### Dataset content ###

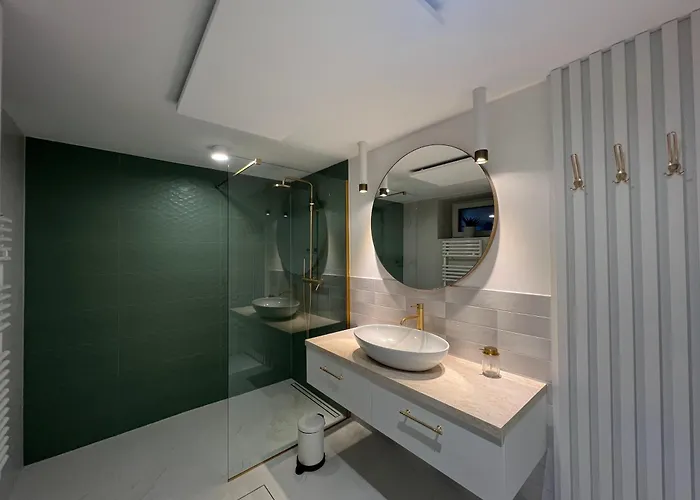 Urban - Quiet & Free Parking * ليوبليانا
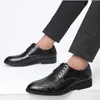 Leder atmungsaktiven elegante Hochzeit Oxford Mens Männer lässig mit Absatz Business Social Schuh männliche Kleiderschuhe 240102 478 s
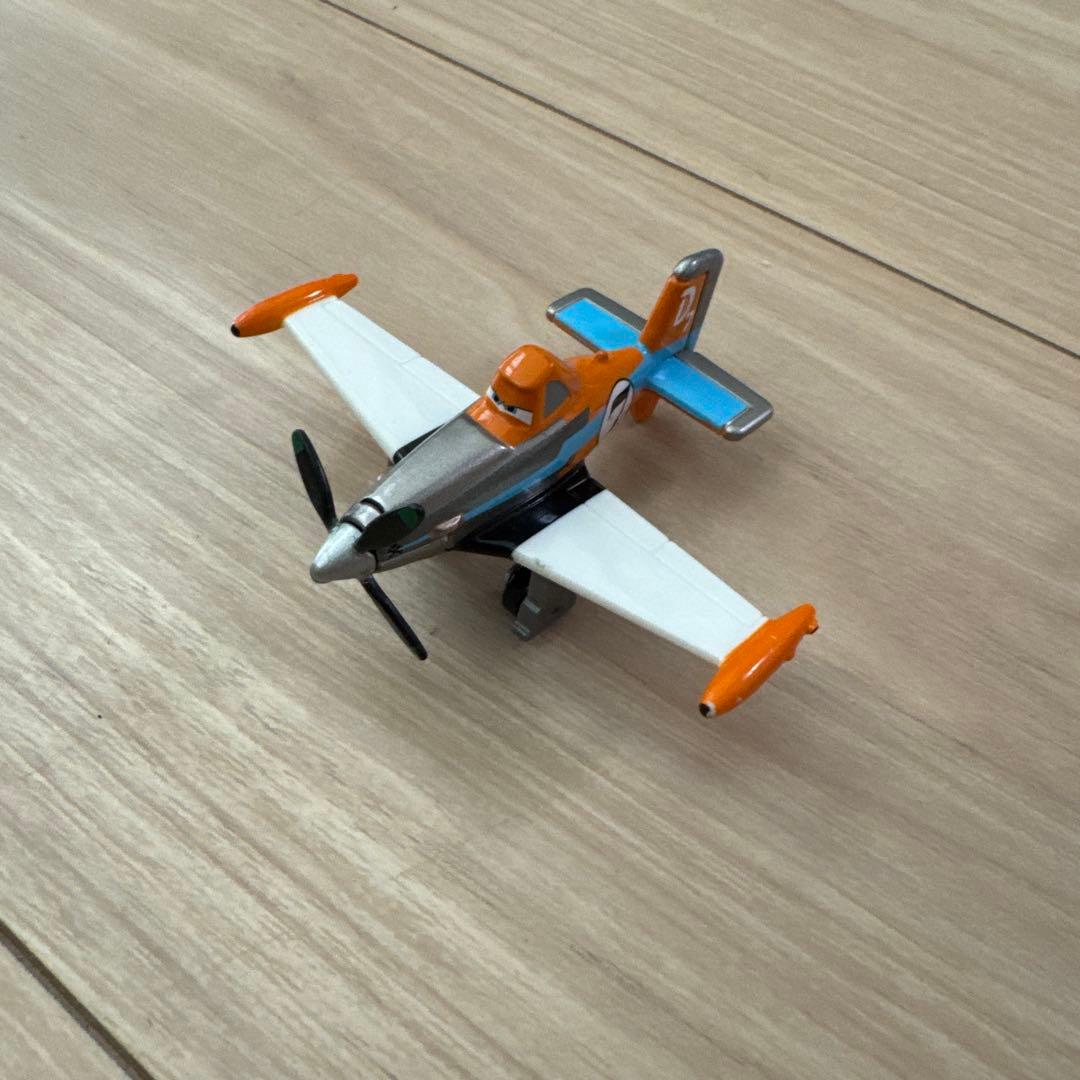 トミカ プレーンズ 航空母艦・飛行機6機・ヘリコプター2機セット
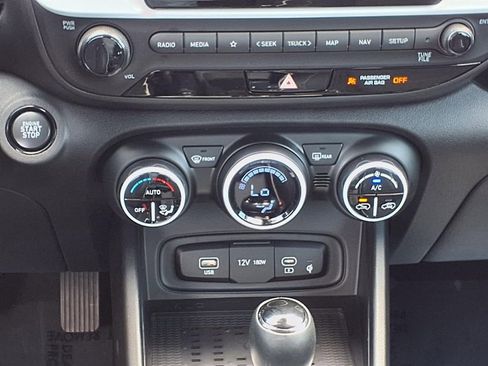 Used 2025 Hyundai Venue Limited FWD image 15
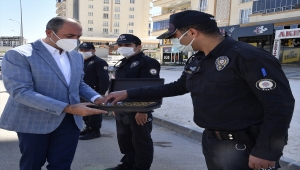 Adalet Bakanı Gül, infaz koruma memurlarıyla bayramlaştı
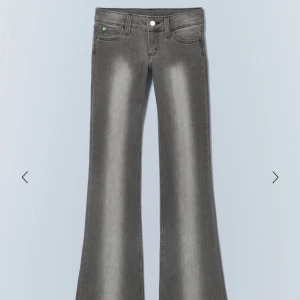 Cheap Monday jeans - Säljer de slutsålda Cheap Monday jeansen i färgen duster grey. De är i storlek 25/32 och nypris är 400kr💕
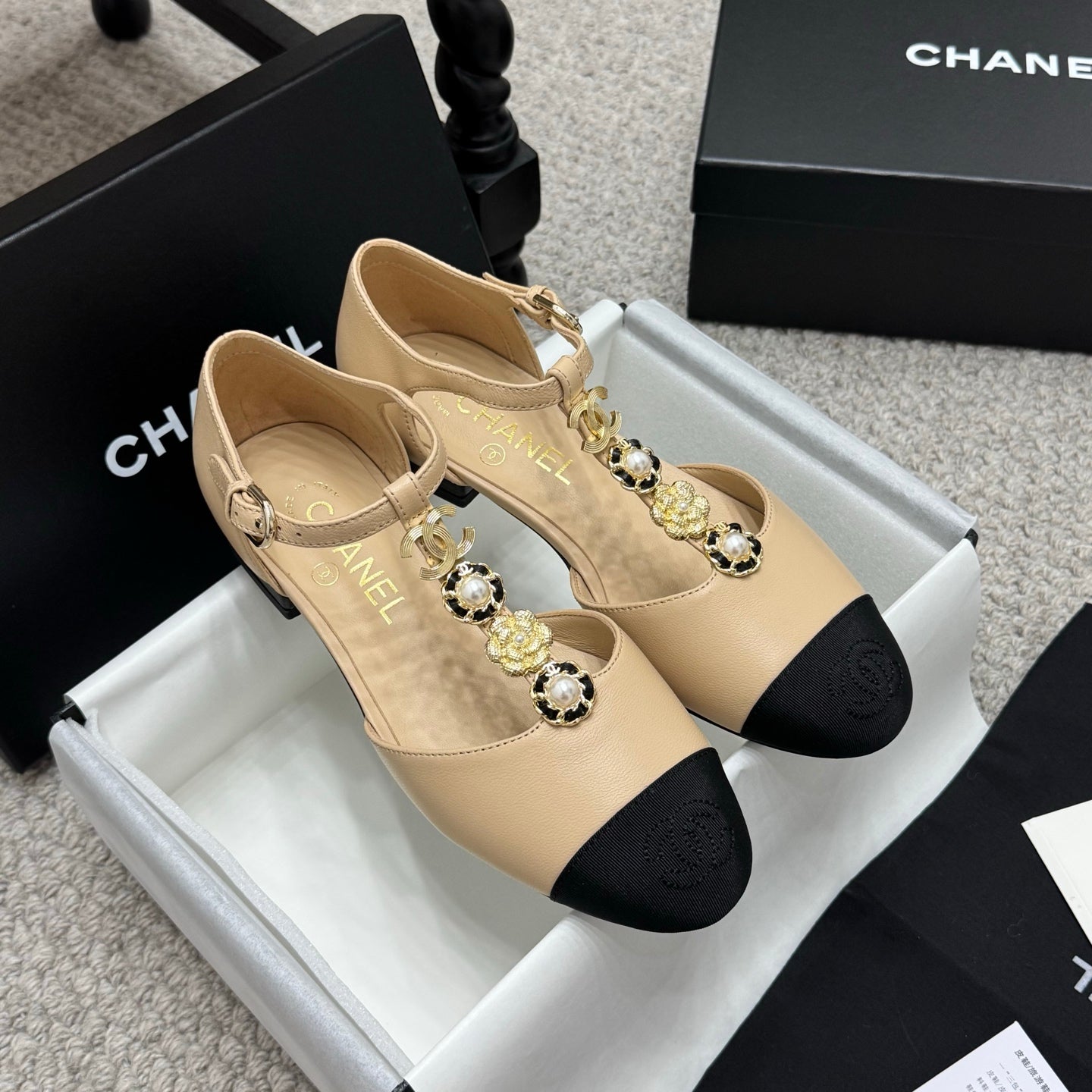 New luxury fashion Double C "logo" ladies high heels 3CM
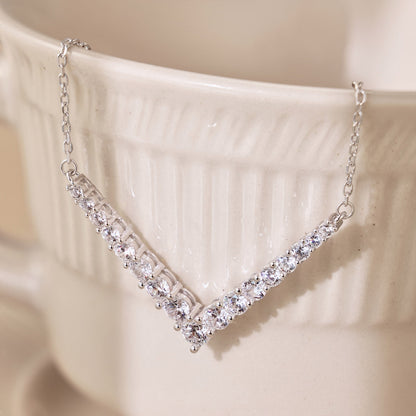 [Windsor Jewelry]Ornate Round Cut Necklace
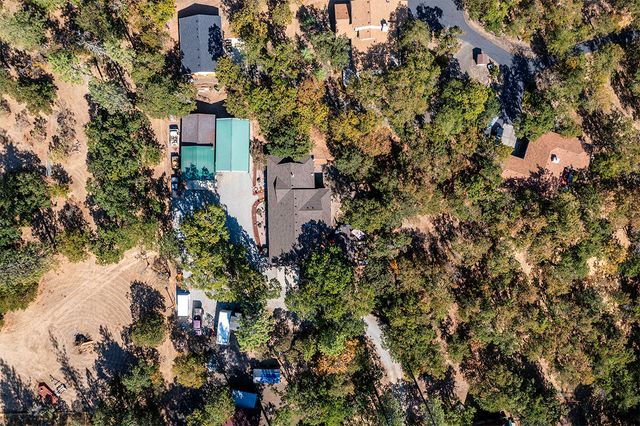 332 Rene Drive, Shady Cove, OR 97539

###
### Dataset content ###

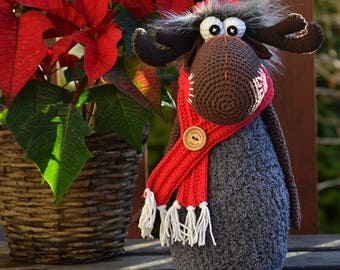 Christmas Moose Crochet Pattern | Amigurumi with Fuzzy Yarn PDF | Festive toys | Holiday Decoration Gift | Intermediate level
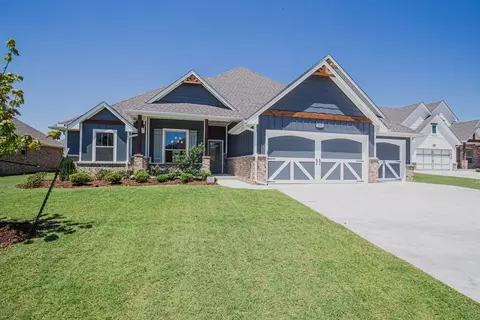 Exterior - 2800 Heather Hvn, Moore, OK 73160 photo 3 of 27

###
### Dataset content ###

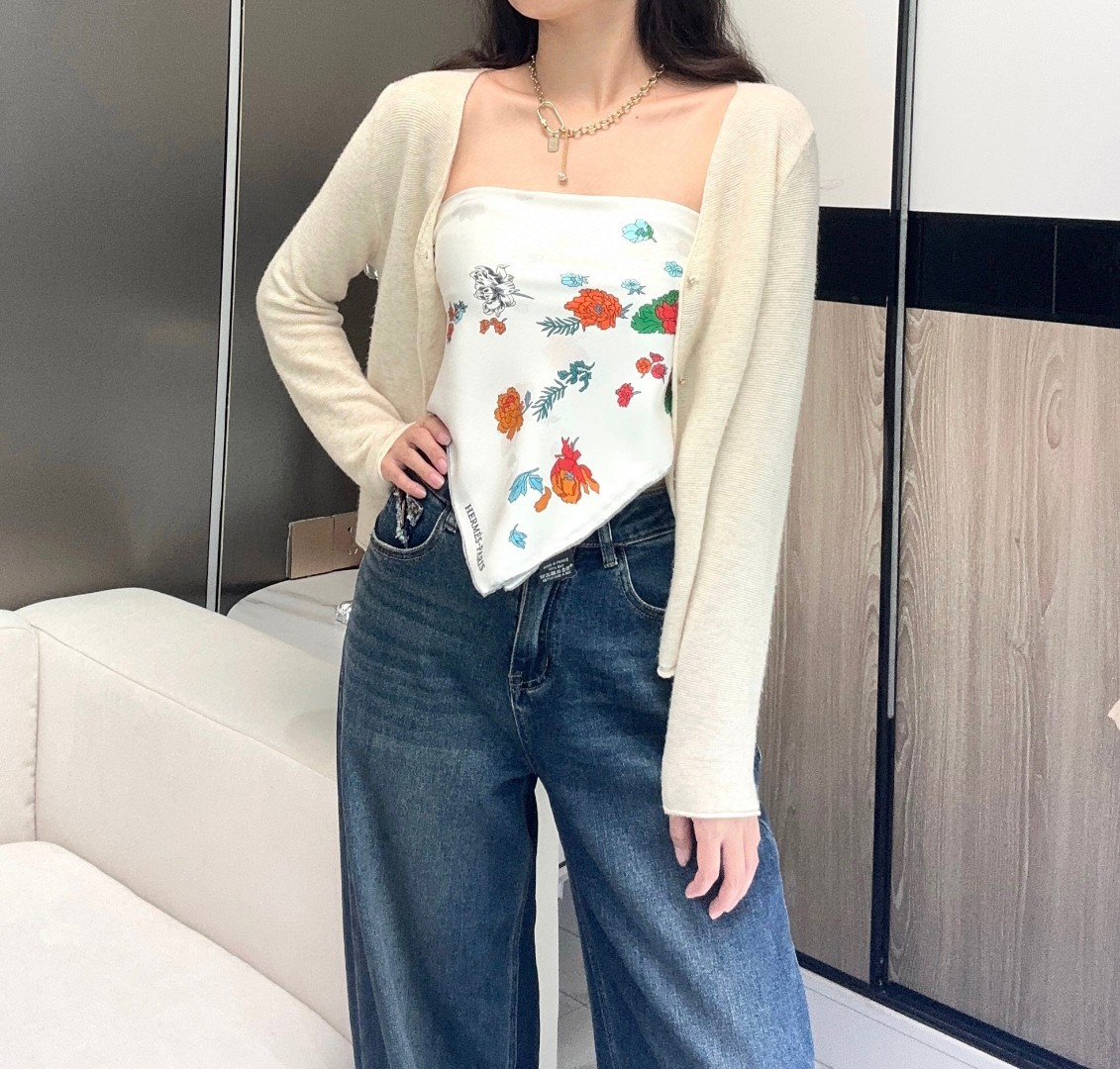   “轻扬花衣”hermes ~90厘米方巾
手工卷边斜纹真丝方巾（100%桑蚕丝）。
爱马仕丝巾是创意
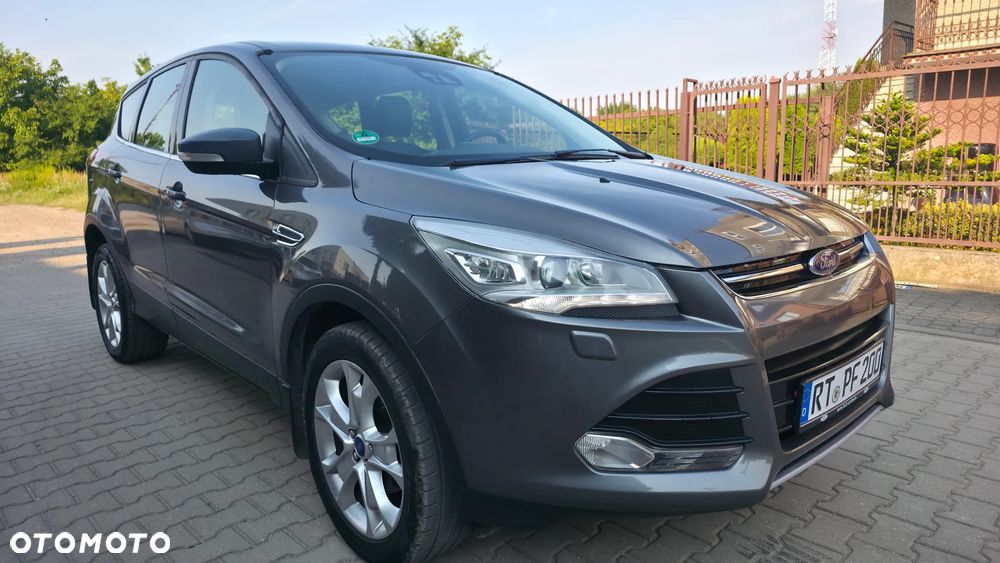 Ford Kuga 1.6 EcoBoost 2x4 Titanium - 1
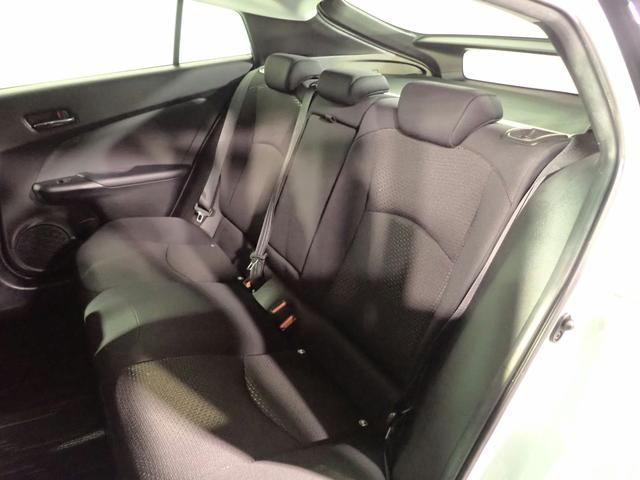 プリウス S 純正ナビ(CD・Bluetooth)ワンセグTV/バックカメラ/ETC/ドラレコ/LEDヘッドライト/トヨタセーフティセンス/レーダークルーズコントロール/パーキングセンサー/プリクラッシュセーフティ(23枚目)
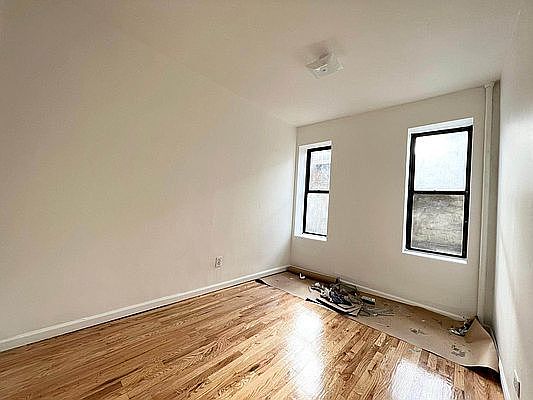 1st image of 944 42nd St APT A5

###

About this task:
What belongs in the answer is each line above from the line with "Urban - Quiet & Free Parking * ليوبليانا" to the line with "332 Rene Drive, Shady Cove, OR 97539", inclusive, reproduced exactly and free of pictures.

Response for this exercise:
 Urban - Quiet & Free Parking * ليوبليانا
 Leder atmungsaktiven elegante Hochzeit Oxford Mens Männer lässig mit Absatz Business Social Schuh männliche Kleiderschuhe 240102 478 s
 トミカ プレーンズ 航空母艦・飛行機6機・ヘリコプター2機セット
 Used 2025 Hyundai Venue Limited FWD image 15
 Adalet Bakanı Gül, infaz koruma memurlarıyla bayramlaştı
 Cheap Monday jeans - Säljer de slutsålda Cheap Monday jeansen i färgen duster grey. De är i storlek 25/32 och nypris är 400kr💕
 New luxury fashion Double C "logo" ladies high heels 3CM
 [Windsor Jewelry]Ornate Round Cut Necklace
 332 Rene Drive, Shady Cove, OR 97539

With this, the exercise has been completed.